Cecelski will lecture on the remarkable life of Abraham Galloway, a North Carolina slave turned Union spy. "I'll mostly tell stories about Galloway and his circle of African-American men and women from eastern North Carolina, based on their letters, diaries and other surviving accounts from the Civil War," says Cecelski.

The son of a white father and a slave mother, Galloway was trained as a brick mason and allowed to work for pay. He fled to the North in 1857 and, after a sojourn in Canada, became a prominent abolitionist and antislavery speaker.

Gen. Benjamin Butler recruited Galloway into the Union Army's secret service, and he gathered valuable intelligence on Confederate activities in Virginia and North Carolina.

Galloway initially refused to recruit blacks for the Union, citing racism in the North. He insisted that black soldiers receive equal pay as their white comrades and schooling for their children, according to Cecelski.

After the Civil War, Galloway was active in politics, winning election to the N.C. Senate and helping to organize the state's first black schools and civil rights groups.

David Cecelski is an independent historian and writer who has taught at Duke, UNC-Chapel Hill and East Carolina University, and is affiliated with UNC's Southern Oral History Program. He earned his Ph.D. at Harvard.

A native of Craven County, he edits the popular oral history series "Listening to History," for the Raleigh News and Observer," and is the author of "Along Freedom Road: Hyde County, North Carolina and the Fate of Black Schools in the South," "Democracy Betrayed: The Wilmington Race Riot of 1898," "Its Legacy A Historian's Coast: Adventures into the Tidewater Past," and "Recollections of My Slavery Days."

Reginald Hildebrand will discuss his work with the North Carolina Freedom Monument Project, a major work of public art to be placed in downtown Raleigh across from the Legislative Building.

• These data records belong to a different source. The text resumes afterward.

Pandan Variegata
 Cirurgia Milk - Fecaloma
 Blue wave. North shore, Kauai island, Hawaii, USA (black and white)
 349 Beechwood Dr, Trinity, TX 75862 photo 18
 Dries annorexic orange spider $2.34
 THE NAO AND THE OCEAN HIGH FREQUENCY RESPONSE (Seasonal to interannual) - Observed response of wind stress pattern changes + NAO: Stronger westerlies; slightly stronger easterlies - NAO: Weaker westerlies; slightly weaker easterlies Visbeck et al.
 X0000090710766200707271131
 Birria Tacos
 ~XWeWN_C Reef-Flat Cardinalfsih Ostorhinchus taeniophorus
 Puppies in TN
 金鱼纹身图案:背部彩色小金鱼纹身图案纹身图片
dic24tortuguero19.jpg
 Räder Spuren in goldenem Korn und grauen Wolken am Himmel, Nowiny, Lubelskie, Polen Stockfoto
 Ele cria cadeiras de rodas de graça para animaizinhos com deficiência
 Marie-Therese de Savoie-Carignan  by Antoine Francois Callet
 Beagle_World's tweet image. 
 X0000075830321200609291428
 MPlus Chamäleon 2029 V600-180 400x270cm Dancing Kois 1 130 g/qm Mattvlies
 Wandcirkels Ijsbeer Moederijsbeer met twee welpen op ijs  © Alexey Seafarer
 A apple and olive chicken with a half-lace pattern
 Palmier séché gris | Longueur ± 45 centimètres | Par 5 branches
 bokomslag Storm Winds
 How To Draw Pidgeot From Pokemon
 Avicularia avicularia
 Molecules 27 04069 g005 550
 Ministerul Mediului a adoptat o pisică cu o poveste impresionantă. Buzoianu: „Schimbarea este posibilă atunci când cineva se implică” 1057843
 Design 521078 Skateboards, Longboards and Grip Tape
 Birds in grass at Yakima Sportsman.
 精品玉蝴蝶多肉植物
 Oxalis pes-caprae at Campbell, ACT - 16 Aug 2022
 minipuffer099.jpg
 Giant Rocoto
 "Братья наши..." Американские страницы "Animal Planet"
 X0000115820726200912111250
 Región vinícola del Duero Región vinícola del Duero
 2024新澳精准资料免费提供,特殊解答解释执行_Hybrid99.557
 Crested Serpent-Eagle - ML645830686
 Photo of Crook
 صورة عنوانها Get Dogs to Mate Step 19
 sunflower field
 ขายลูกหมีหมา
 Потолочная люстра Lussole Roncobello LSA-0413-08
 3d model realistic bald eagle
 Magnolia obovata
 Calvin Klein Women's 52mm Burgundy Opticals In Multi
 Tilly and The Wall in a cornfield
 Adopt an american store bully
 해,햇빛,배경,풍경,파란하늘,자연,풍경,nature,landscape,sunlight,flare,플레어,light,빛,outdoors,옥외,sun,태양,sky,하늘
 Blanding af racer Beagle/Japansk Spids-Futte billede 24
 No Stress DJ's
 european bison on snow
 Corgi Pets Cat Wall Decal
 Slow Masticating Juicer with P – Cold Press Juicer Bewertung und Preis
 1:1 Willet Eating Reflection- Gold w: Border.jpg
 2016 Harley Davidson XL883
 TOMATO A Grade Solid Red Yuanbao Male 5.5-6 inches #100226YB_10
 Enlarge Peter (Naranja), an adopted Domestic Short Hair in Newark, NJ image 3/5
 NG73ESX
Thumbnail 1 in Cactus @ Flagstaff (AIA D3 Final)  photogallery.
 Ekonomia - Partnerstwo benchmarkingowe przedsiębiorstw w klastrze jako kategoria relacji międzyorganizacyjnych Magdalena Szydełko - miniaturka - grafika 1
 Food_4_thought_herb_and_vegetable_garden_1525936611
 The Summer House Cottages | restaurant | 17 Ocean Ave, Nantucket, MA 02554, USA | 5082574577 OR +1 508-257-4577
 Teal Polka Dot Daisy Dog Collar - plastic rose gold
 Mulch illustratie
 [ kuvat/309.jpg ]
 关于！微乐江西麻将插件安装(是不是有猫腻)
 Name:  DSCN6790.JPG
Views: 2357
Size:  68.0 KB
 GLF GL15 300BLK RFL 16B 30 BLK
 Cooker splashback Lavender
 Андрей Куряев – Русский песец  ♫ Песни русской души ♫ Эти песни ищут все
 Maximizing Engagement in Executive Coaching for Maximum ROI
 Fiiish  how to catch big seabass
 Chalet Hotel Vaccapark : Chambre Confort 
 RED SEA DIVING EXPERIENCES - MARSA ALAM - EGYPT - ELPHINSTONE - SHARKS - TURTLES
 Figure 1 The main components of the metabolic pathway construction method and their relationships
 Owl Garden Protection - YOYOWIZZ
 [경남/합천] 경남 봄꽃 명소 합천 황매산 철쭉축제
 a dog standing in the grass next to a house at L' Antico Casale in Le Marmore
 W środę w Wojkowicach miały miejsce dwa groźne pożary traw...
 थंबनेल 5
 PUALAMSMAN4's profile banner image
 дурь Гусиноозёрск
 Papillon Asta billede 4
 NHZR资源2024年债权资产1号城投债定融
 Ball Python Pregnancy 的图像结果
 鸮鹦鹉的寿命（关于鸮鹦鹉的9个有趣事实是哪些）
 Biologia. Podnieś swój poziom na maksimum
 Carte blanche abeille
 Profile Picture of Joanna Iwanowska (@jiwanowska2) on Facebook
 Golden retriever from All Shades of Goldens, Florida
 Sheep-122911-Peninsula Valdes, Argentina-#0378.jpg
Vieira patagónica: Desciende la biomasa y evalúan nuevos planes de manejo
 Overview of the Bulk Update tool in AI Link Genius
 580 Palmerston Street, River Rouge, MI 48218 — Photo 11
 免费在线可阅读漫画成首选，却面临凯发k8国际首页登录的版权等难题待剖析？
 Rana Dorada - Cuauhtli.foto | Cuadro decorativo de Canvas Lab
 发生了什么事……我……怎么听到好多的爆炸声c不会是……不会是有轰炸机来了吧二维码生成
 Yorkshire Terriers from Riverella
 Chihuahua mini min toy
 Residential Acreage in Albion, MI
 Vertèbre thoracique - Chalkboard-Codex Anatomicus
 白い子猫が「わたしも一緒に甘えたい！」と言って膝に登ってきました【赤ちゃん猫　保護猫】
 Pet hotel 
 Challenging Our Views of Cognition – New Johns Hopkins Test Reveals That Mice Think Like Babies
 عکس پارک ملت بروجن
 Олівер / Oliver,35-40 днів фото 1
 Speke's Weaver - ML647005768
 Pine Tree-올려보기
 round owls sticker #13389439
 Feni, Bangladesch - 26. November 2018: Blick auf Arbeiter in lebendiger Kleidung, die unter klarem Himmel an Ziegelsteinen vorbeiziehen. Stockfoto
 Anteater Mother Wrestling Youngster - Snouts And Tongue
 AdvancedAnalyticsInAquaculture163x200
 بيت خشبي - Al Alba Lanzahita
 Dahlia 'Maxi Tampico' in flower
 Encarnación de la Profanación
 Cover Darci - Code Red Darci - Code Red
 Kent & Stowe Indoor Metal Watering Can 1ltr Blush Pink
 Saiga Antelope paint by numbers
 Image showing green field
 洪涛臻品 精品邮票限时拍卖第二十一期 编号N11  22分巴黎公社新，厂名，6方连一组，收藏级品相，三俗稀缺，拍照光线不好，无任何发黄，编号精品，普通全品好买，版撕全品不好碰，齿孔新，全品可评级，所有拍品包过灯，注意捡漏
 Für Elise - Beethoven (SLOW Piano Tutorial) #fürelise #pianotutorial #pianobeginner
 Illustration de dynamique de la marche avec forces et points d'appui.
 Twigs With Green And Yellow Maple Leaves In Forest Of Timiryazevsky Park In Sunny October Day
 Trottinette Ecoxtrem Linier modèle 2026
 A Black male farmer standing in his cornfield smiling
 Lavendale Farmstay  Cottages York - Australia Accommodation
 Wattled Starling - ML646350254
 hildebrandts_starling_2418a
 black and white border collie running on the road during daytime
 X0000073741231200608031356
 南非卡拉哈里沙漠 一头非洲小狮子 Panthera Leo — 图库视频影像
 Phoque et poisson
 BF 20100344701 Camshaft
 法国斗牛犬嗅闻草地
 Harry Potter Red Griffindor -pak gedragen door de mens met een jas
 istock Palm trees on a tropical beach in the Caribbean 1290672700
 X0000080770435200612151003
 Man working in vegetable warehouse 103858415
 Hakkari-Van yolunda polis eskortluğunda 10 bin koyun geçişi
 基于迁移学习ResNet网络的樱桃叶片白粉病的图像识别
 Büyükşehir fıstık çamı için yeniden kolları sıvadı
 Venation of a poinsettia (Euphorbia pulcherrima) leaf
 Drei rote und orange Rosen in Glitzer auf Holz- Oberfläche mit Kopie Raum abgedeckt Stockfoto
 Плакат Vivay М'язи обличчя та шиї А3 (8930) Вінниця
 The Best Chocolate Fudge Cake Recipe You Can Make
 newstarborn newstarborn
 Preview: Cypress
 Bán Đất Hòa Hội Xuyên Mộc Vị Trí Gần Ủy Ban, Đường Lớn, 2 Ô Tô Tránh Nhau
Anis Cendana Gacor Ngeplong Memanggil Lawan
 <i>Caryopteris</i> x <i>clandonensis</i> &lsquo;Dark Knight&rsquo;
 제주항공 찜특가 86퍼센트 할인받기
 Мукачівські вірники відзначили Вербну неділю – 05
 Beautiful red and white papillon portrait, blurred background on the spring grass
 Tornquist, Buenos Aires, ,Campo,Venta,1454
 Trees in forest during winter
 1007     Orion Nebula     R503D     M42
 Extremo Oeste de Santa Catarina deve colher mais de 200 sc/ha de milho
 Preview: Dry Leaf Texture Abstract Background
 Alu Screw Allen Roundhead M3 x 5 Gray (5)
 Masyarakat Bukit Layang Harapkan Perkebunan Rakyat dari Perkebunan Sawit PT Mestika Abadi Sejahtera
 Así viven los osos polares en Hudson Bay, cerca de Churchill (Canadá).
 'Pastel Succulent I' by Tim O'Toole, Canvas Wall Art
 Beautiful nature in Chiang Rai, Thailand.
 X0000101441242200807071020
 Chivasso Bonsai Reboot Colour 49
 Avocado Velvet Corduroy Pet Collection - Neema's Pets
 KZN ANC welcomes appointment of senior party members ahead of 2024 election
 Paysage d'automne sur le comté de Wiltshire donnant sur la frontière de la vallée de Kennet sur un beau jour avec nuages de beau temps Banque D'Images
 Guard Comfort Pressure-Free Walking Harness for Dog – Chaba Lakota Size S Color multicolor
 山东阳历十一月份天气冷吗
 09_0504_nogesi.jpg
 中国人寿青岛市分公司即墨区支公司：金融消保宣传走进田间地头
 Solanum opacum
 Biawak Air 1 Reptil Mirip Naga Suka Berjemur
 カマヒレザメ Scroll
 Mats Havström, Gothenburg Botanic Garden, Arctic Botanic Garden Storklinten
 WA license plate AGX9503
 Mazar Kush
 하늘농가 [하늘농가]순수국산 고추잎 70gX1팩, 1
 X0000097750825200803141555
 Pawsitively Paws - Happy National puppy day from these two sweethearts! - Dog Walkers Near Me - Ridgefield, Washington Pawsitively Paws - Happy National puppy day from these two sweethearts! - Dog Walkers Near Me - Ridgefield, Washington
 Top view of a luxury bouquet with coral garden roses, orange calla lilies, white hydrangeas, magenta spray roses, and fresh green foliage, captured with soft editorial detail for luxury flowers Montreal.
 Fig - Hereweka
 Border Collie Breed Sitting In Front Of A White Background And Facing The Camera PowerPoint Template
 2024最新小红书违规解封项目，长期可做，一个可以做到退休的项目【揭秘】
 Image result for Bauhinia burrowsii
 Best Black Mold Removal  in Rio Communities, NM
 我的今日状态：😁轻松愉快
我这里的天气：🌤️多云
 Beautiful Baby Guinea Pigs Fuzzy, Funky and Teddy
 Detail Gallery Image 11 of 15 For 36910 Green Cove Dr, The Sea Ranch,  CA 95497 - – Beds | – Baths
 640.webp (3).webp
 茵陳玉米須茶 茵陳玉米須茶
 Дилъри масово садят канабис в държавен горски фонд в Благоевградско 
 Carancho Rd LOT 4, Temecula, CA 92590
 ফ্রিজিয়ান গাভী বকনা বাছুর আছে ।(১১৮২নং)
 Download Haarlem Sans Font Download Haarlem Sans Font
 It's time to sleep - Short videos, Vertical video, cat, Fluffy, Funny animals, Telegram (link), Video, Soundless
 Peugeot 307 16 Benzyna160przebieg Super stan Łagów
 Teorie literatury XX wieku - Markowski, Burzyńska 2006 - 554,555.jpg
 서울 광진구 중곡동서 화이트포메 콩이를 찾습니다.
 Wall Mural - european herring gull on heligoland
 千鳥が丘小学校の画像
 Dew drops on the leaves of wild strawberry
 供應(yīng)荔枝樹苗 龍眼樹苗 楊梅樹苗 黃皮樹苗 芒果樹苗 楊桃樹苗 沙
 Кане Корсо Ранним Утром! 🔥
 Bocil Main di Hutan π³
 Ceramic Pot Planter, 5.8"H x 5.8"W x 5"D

Hildebrand is an associate professor of African-American studies and history at UNC- Chapel Hill. He is the author of "The Times Were Strange and Stirring: Methodist Preachers and the Crisis of Emancipation" (Duke University Press, 1995). His research focuses on the period of Emancipation and Reconstruction, although he is currently working on a collection of essays titled "Engaging Blackness: Body, Mind, and Spirit; the Perspectives of Malcolm X, W.E.B. Du Bois, and Howard Thurman."

He has served as interim director of the Sonja Haynes Stone Center for Black Culture and History and interim director of the Institute of African-American Research at UNC-Chapel Hill. He is a former co-chair of the North Carolina Freedom Monument Project, a trustee of the North Carolina Humanities Council, and a member of the board of the Paul Green Foundation.

In addition, he serves as a member of the North Carolina African-American Heritage Commission, and of the advisory board for the North Carolina Historical Review.

Hildebrand received his Bachelor of Arts and Master of Arts from Howard University, and his Ph.D. from Princeton.

A reception will follow the program. Admission is free and open to the public.